## Task prompt
Of all the lines below, output only those starting at the one with "2404 Bane Road" and ending at the one with "an empty room", both ends included, exactly as written.

[Source records]
******

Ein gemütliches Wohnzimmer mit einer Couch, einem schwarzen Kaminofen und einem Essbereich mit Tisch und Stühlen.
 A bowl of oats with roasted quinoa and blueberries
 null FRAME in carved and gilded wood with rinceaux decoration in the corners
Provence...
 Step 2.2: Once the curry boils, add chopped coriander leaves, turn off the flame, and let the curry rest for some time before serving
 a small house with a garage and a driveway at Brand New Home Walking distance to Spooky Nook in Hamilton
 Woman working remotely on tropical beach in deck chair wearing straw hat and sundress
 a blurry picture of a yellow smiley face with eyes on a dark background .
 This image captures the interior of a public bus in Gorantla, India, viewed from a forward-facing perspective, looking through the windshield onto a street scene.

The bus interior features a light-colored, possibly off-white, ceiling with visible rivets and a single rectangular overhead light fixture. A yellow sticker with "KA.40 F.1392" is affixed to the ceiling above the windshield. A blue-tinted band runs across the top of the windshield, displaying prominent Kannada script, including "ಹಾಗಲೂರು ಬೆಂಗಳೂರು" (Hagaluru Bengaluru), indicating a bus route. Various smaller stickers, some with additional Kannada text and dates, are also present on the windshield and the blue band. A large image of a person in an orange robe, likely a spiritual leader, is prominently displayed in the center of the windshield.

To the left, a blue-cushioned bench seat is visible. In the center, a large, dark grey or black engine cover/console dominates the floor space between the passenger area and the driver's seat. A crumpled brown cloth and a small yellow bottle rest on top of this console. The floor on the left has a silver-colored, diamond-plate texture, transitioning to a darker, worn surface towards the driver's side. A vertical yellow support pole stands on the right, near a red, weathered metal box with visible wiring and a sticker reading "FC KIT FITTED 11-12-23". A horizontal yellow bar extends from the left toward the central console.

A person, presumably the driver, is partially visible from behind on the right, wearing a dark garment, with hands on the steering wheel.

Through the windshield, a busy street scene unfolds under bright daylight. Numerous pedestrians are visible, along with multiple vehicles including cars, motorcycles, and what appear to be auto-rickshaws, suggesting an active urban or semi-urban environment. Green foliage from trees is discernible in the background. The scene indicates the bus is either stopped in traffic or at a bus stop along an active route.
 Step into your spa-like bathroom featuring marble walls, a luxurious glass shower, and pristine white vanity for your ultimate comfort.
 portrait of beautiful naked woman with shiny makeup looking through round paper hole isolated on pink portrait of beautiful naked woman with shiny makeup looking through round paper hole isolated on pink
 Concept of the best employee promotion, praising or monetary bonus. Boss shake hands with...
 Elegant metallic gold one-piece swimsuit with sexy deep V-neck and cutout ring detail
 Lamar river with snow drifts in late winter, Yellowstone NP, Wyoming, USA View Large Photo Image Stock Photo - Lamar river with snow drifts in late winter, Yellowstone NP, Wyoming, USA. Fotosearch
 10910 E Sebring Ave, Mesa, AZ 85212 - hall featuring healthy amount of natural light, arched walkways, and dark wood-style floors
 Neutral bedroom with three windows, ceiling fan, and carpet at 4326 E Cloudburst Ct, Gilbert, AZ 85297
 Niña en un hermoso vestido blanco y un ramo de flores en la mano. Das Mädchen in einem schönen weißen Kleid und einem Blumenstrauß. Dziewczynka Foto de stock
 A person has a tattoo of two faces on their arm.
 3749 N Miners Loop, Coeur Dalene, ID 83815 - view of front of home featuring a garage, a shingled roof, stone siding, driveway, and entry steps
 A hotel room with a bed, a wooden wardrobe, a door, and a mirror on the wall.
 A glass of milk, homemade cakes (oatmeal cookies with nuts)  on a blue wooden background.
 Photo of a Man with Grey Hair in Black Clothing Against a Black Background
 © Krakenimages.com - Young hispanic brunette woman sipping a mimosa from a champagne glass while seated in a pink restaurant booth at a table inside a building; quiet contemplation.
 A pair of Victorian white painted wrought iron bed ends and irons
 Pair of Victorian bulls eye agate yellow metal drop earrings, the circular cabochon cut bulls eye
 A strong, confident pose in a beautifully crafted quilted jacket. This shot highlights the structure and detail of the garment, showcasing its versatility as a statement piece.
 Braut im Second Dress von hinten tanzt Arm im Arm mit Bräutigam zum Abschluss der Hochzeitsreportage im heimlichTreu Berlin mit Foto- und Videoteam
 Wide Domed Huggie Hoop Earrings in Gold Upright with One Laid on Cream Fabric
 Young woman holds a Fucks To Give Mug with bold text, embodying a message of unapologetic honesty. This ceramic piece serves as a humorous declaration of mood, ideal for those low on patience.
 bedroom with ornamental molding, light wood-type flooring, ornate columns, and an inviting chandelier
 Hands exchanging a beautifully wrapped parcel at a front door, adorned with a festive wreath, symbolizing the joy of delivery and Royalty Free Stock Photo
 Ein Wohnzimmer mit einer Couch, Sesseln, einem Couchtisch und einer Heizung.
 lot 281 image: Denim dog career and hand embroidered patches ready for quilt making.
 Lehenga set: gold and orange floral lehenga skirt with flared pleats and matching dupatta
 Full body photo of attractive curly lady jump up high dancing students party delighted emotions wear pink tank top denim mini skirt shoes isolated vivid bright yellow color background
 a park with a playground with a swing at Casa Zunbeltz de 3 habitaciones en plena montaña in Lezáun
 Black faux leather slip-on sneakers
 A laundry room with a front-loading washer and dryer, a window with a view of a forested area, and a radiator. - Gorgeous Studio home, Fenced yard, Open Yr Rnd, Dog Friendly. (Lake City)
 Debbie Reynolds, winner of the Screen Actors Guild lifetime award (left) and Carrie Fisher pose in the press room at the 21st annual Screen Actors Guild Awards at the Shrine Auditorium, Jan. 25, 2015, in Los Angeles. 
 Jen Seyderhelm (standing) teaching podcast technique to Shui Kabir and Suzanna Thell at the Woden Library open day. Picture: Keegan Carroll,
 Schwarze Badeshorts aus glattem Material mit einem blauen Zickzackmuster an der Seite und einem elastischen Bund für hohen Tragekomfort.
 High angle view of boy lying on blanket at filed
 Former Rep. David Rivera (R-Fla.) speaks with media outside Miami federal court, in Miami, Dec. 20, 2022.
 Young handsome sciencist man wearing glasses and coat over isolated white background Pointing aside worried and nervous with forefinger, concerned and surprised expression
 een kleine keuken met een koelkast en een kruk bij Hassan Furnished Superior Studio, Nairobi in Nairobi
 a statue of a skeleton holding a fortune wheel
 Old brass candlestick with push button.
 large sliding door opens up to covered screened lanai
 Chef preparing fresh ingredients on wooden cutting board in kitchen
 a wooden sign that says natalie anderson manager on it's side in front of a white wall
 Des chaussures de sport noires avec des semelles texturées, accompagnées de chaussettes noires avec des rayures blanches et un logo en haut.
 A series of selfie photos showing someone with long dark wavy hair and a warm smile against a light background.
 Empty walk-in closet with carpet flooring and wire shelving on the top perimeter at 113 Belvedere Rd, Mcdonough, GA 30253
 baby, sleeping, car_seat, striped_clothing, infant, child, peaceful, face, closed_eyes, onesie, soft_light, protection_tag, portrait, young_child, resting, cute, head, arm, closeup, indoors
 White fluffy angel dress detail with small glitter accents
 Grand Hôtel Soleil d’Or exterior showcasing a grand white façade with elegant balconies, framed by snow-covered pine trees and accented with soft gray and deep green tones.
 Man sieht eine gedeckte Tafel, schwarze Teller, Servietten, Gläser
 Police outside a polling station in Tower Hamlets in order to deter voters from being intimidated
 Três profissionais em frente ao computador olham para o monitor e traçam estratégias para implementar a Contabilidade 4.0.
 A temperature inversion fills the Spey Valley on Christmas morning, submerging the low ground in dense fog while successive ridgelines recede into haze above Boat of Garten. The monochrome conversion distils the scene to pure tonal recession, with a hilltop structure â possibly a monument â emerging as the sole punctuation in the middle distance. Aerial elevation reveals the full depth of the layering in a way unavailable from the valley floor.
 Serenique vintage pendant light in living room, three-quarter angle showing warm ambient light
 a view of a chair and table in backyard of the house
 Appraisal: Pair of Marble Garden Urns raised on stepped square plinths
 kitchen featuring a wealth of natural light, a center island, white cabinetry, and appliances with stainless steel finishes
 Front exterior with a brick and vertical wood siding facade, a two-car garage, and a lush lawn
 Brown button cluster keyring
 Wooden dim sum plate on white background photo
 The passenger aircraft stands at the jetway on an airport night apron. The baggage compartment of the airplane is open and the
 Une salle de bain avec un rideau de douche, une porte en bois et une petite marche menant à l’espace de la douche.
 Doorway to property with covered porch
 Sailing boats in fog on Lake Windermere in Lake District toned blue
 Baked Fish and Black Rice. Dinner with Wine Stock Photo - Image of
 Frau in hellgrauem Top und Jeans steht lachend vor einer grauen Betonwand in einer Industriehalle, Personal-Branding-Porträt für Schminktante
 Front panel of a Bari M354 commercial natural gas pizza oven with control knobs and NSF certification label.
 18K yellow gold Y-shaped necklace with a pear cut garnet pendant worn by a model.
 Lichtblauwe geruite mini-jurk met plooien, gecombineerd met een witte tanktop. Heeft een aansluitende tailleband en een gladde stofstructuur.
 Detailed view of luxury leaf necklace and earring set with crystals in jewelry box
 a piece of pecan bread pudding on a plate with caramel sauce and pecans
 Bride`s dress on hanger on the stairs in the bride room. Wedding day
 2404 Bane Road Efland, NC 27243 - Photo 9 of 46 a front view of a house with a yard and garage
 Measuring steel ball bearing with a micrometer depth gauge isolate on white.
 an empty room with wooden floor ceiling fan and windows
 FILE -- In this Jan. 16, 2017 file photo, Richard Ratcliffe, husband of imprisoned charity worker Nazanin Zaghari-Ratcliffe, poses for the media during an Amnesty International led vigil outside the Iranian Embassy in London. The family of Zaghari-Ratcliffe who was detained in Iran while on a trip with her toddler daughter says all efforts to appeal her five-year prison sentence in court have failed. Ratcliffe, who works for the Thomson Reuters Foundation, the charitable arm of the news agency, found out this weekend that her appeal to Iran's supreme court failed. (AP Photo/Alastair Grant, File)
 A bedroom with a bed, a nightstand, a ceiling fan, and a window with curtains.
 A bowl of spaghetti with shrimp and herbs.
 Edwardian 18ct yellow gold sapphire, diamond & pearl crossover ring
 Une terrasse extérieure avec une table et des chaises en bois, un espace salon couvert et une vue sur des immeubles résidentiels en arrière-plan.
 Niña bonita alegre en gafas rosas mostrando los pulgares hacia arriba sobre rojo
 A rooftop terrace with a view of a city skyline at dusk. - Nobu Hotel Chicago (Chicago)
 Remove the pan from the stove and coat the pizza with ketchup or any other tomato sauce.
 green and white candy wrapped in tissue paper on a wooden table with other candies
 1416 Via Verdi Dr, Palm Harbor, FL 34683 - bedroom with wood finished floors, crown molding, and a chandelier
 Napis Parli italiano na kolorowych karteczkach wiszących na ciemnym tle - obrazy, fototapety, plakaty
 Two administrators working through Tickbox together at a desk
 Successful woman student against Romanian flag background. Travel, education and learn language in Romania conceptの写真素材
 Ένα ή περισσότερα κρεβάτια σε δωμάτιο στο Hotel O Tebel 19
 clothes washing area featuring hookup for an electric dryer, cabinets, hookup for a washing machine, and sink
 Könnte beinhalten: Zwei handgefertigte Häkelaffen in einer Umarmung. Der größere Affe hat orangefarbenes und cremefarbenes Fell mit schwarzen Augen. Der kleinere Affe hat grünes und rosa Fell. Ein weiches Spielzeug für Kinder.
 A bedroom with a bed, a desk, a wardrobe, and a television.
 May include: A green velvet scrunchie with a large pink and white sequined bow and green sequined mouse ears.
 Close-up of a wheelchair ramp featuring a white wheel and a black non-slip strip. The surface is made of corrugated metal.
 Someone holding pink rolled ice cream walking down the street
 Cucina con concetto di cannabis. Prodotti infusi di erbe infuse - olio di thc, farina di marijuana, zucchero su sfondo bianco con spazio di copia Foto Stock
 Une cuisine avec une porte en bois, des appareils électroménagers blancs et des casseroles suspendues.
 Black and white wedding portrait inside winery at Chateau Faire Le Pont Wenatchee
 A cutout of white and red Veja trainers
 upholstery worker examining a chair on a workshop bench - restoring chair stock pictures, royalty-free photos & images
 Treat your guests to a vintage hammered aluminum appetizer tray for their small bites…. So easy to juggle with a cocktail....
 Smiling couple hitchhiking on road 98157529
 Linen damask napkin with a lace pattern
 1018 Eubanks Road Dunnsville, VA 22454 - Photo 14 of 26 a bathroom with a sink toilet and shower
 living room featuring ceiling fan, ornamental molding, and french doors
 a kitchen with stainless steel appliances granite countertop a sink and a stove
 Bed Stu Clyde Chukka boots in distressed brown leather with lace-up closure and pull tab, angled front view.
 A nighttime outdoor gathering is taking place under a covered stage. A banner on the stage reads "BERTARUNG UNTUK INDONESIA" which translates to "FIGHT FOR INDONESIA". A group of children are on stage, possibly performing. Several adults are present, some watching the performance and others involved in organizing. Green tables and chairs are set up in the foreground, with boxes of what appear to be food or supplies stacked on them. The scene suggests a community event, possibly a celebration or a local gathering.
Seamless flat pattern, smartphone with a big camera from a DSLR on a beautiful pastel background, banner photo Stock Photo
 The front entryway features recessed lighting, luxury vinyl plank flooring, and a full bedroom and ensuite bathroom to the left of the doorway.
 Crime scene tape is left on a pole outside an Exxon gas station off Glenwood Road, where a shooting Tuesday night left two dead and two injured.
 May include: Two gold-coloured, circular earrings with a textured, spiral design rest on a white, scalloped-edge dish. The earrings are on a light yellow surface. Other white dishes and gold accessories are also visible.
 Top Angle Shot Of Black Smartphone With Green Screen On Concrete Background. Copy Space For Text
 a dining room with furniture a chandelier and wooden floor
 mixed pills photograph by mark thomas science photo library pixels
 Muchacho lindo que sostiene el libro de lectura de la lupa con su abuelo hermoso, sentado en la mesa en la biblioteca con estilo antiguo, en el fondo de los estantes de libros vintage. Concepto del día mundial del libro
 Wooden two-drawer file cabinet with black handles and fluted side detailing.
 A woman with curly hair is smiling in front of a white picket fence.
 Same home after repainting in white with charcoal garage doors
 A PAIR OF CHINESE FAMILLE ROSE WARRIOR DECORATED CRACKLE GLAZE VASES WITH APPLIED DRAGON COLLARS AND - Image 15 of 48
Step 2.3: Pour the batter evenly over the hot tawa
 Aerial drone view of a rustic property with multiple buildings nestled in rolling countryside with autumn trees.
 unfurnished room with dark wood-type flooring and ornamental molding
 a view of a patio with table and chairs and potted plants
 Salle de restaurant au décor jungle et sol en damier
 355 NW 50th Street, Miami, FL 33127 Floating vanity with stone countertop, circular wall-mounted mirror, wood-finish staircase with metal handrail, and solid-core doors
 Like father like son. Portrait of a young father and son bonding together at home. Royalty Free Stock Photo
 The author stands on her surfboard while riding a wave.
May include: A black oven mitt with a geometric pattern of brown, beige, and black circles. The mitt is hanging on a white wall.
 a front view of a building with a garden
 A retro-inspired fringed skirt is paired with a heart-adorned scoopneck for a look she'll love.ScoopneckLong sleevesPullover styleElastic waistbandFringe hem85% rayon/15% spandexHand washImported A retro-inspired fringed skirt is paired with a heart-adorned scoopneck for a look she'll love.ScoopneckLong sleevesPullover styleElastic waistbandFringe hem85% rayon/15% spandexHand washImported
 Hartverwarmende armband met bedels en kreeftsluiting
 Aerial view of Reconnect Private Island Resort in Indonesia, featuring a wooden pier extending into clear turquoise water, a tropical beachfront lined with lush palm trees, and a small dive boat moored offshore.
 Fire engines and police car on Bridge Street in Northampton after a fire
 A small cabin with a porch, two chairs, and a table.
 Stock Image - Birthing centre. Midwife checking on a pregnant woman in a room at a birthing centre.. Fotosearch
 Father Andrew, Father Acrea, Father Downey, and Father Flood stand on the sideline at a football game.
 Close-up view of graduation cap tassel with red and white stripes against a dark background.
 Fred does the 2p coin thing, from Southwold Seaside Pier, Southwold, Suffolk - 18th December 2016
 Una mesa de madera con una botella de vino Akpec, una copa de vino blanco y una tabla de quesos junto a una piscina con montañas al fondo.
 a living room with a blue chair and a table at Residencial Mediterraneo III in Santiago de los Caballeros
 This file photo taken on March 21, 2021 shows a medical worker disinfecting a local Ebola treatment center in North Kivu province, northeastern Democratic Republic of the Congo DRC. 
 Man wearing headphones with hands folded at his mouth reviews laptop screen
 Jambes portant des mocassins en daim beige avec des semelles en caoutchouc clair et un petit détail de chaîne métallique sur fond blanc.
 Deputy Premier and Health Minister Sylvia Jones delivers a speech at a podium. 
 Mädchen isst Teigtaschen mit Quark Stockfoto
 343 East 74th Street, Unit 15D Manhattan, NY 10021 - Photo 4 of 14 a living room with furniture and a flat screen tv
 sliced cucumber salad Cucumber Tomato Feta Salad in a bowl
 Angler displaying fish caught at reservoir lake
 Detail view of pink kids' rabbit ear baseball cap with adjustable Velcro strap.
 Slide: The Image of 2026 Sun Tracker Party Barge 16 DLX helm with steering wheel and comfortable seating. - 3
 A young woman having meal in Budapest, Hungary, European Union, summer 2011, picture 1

******

## Exercise solution
 2404 Bane Road Efland, NC 27243 - Photo 9 of 46 a front view of a house with a yard and garage
 Measuring steel ball bearing with a micrometer depth gauge isolate on white.
 an empty room with wooden floor ceiling fan and windows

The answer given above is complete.